- **What is needed**
Your output should be the entries below, exact in every detail.

[Caption-style text data]
= Beginning of Section =

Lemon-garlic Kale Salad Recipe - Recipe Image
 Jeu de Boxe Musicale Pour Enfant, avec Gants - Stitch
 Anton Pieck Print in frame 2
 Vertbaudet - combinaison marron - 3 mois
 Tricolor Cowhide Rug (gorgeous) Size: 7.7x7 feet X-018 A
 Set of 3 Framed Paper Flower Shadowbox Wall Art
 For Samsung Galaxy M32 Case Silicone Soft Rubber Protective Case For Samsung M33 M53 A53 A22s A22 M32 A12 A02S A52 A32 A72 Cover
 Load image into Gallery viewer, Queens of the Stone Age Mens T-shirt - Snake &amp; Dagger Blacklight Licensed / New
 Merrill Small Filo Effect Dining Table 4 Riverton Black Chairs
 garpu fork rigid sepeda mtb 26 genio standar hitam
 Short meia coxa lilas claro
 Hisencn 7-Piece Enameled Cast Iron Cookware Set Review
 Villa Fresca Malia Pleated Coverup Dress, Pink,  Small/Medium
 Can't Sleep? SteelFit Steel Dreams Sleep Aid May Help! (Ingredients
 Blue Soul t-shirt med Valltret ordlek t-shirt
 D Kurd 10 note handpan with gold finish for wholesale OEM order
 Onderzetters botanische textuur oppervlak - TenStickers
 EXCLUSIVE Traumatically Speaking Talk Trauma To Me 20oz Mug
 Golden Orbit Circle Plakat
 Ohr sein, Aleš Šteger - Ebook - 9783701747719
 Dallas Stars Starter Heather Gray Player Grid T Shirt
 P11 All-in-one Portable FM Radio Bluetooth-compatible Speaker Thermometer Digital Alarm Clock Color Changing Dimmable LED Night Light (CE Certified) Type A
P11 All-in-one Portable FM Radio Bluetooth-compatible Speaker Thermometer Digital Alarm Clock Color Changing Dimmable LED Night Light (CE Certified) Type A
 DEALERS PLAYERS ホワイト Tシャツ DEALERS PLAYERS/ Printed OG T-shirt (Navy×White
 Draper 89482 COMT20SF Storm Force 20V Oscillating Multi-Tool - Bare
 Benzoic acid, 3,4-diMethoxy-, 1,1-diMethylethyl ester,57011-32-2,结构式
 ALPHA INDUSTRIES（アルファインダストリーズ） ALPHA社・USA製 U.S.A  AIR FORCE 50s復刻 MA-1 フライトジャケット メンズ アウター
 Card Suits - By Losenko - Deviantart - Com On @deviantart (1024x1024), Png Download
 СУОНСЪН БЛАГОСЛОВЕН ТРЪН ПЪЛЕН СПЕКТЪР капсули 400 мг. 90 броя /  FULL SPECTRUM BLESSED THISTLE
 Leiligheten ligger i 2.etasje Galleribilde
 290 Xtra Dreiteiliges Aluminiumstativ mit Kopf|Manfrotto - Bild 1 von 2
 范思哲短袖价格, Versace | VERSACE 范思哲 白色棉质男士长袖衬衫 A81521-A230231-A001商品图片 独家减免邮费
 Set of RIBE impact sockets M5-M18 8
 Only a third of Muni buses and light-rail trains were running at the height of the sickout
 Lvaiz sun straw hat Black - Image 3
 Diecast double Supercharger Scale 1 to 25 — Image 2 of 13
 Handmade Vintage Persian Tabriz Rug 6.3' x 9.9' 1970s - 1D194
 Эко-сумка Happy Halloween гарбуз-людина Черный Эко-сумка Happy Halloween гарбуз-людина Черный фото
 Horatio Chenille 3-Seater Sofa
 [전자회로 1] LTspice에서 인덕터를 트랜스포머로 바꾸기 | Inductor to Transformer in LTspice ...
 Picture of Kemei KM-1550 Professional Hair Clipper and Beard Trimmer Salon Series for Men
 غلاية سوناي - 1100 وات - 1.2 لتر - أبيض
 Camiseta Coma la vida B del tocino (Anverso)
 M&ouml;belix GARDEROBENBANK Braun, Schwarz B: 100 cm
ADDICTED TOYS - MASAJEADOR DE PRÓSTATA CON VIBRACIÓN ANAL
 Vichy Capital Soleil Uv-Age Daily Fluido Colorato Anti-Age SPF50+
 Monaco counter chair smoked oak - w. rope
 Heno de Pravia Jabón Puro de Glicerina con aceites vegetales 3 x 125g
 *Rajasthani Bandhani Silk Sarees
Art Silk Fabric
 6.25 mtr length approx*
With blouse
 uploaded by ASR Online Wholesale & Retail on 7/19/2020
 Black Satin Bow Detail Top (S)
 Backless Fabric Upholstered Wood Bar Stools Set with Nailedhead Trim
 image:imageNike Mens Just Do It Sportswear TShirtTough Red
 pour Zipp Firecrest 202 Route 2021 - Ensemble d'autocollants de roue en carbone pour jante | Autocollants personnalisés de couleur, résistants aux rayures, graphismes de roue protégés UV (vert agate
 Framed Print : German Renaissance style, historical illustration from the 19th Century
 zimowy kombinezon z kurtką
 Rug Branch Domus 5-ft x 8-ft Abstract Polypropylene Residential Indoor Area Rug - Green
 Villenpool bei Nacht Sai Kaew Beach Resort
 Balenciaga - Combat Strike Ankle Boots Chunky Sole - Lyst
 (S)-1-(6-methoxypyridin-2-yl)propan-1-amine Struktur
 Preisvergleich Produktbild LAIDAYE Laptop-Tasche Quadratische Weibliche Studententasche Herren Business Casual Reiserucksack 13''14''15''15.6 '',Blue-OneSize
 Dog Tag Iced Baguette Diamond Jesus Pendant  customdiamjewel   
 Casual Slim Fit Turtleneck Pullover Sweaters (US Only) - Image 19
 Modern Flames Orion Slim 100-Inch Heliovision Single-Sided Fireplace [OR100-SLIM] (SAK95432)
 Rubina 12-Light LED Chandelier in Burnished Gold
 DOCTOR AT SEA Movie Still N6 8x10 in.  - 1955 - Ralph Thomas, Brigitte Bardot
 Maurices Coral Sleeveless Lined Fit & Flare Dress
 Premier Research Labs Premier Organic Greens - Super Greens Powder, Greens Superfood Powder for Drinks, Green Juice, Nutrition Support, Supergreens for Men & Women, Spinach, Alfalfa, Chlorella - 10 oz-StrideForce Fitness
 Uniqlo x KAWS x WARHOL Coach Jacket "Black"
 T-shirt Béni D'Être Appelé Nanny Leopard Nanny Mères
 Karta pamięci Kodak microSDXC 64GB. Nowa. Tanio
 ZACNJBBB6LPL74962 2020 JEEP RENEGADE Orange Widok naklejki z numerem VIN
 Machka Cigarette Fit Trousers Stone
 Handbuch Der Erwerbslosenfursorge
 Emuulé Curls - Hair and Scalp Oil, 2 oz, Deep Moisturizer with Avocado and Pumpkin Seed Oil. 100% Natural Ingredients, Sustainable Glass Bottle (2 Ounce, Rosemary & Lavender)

= End of Section =

- **Reply**
Lemon-garlic Kale Salad Recipe - Recipe Image
 Jeu de Boxe Musicale Pour Enfant, avec Gants - Stitch
 Anton Pieck Print in frame 2
 Vertbaudet - combinaison marron - 3 mois
 Tricolor Cowhide Rug (gorgeous) Size: 7.7x7 feet X-018 A
 Set of 3 Framed Paper Flower Shadowbox Wall Art
 For Samsung Galaxy M32 Case Silicone Soft Rubber Protective Case For Samsung M33 M53 A53 A22s A22 M32 A12 A02S A52 A32 A72 Cover
 Load image into Gallery viewer, Queens of the Stone Age Mens T-shirt - Snake &amp; Dagger Blacklight Licensed / New
 Merrill Small Filo Effect Dining Table 4 Riverton Black Chairs
 garpu fork rigid sepeda mtb 26 genio standar hitam
 Short meia coxa lilas claro
 Hisencn 7-Piece Enameled Cast Iron Cookware Set Review
 Villa Fresca Malia Pleated Coverup Dress, Pink,  Small/Medium
 Can't Sleep? SteelFit Steel Dreams Sleep Aid May Help! (Ingredients
 Blue Soul t-shirt med Valltret ordlek t-shirt
 D Kurd 10 note handpan with gold finish for wholesale OEM order
 Onderzetters botanische textuur oppervlak - TenStickers
 EXCLUSIVE Traumatically Speaking Talk Trauma To Me 20oz Mug
 Golden Orbit Circle Plakat
 Ohr sein, Aleš Šteger - Ebook - 9783701747719
 Dallas Stars Starter Heather Gray Player Grid T Shirt
 P11 All-in-one Portable FM Radio Bluetooth-compatible Speaker Thermometer Digital Alarm Clock Color Changing Dimmable LED Night Light (CE Certified) Type A
P11 All-in-one Portable FM Radio Bluetooth-compatible Speaker Thermometer Digital Alarm Clock Color Changing Dimmable LED Night Light (CE Certified) Type A
 DEALERS PLAYERS ホワイト Tシャツ DEALERS PLAYERS/ Printed OG T-shirt (Navy×White
 Draper 89482 COMT20SF Storm Force 20V Oscillating Multi-Tool - Bare
 Benzoic acid, 3,4-diMethoxy-, 1,1-diMethylethyl ester,57011-32-2,结构式
 ALPHA INDUSTRIES（アルファインダストリーズ） ALPHA社・USA製 U.S.A  AIR FORCE 50s復刻 MA-1 フライトジャケット メンズ アウター
 Card Suits - By Losenko - Deviantart - Com On @deviantart (1024x1024), Png Download
 СУОНСЪН БЛАГОСЛОВЕН ТРЪН ПЪЛЕН СПЕКТЪР капсули 400 мг. 90 броя /  FULL SPECTRUM BLESSED THISTLE
 Leiligheten ligger i 2.etasje Galleribilde
 290 Xtra Dreiteiliges Aluminiumstativ mit Kopf|Manfrotto - Bild 1 von 2
 范思哲短袖价格, Versace | VERSACE 范思哲 白色棉质男士长袖衬衫 A81521-A230231-A001商品图片 独家减免邮费
 Set of RIBE impact sockets M5-M18 8
 Only a third of Muni buses and light-rail trains were running at the height of the sickout
 Lvaiz sun straw hat Black - Image 3
 Diecast double Supercharger Scale 1 to 25 — Image 2 of 13
 Handmade Vintage Persian Tabriz Rug 6.3' x 9.9' 1970s - 1D194
 Эко-сумка Happy Halloween гарбуз-людина Черный Эко-сумка Happy Halloween гарбуз-людина Черный фото
 Horatio Chenille 3-Seater Sofa
 [전자회로 1] LTspice에서 인덕터를 트랜스포머로 바꾸기 | Inductor to Transformer in LTspice ...
 Picture of Kemei KM-1550 Professional Hair Clipper and Beard Trimmer Salon Series for Men
 غلاية سوناي - 1100 وات - 1.2 لتر - أبيض
 Camiseta Coma la vida B del tocino (Anverso)
 M&ouml;belix GARDEROBENBANK Braun, Schwarz B: 100 cm
ADDICTED TOYS - MASAJEADOR DE PRÓSTATA CON VIBRACIÓN ANAL
 Vichy Capital Soleil Uv-Age Daily Fluido Colorato Anti-Age SPF50+
 Monaco counter chair smoked oak - w. rope
 Heno de Pravia Jabón Puro de Glicerina con aceites vegetales 3 x 125g
 *Rajasthani Bandhani Silk Sarees
Art Silk Fabric
 6.25 mtr length approx*
With blouse
 uploaded by ASR Online Wholesale & Retail on 7/19/2020
 Black Satin Bow Detail Top (S)
 Backless Fabric Upholstered Wood Bar Stools Set with Nailedhead Trim
 image:imageNike Mens Just Do It Sportswear TShirtTough Red
 pour Zipp Firecrest 202 Route 2021 - Ensemble d'autocollants de roue en carbone pour jante | Autocollants personnalisés de couleur, résistants aux rayures, graphismes de roue protégés UV (vert agate
 Framed Print : German Renaissance style, historical illustration from the 19th Century
 zimowy kombinezon z kurtką
 Rug Branch Domus 5-ft x 8-ft Abstract Polypropylene Residential Indoor Area Rug - Green
 Villenpool bei Nacht Sai Kaew Beach Resort
 Balenciaga - Combat Strike Ankle Boots Chunky Sole - Lyst
 (S)-1-(6-methoxypyridin-2-yl)propan-1-amine Struktur
 Preisvergleich Produktbild LAIDAYE Laptop-Tasche Quadratische Weibliche Studententasche Herren Business Casual Reiserucksack 13''14''15''15.6 '',Blue-OneSize
 Dog Tag Iced Baguette Diamond Jesus Pendant  customdiamjewel   
 Casual Slim Fit Turtleneck Pullover Sweaters (US Only) - Image 19
 Modern Flames Orion Slim 100-Inch Heliovision Single-Sided Fireplace [OR100-SLIM] (SAK95432)
 Rubina 12-Light LED Chandelier in Burnished Gold
 DOCTOR AT SEA Movie Still N6 8x10 in.  - 1955 - Ralph Thomas, Brigitte Bardot
 Maurices Coral Sleeveless Lined Fit & Flare Dress
 Premier Research Labs Premier Organic Greens - Super Greens Powder, Greens Superfood Powder for Drinks, Green Juice, Nutrition Support, Supergreens for Men & Women, Spinach, Alfalfa, Chlorella - 10 oz-StrideForce Fitness
 Uniqlo x KAWS x WARHOL Coach Jacket "Black"
 T-shirt Béni D'Être Appelé Nanny Leopard Nanny Mères
 Karta pamięci Kodak microSDXC 64GB. Nowa. Tanio
 ZACNJBBB6LPL74962 2020 JEEP RENEGADE Orange Widok naklejki z numerem VIN
 Machka Cigarette Fit Trousers Stone
 Handbuch Der Erwerbslosenfursorge
 Emuulé Curls - Hair and Scalp Oil, 2 oz, Deep Moisturizer with Avocado and Pumpkin Seed Oil. 100% Natural Ingredients, Sustainable Glass Bottle (2 Ounce, Rosemary & Lavender)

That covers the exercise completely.